§ ABOUT THIS EXERCISE
Beginning with the very first line, please reproduce the entries exactly through the line containing "877 Boulder Bluff Ln, Lowell, MI 49331".

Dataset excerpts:
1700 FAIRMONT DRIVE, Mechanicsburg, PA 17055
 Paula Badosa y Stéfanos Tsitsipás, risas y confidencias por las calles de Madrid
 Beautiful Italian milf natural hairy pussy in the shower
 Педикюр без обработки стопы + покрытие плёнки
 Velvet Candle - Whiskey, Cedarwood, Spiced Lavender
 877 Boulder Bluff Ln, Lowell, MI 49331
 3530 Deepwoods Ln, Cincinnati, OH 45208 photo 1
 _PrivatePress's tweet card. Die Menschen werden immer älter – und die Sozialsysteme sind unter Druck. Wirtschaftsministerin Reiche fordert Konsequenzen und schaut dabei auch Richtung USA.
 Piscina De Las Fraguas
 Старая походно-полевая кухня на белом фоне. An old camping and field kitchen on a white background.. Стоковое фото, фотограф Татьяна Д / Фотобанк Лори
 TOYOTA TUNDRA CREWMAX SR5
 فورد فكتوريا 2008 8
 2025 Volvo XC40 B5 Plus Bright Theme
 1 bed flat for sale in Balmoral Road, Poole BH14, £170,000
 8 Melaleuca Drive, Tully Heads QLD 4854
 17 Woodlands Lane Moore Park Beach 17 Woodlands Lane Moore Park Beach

§ RESULT OF THIS TASK
1700 FAIRMONT DRIVE, Mechanicsburg, PA 17055
 Paula Badosa y Stéfanos Tsitsipás, risas y confidencias por las calles de Madrid
 Beautiful Italian milf natural hairy pussy in the shower
 Педикюр без обработки стопы + покрытие плёнки
 Velvet Candle - Whiskey, Cedarwood, Spiced Lavender
 877 Boulder Bluff Ln, Lowell, MI 49331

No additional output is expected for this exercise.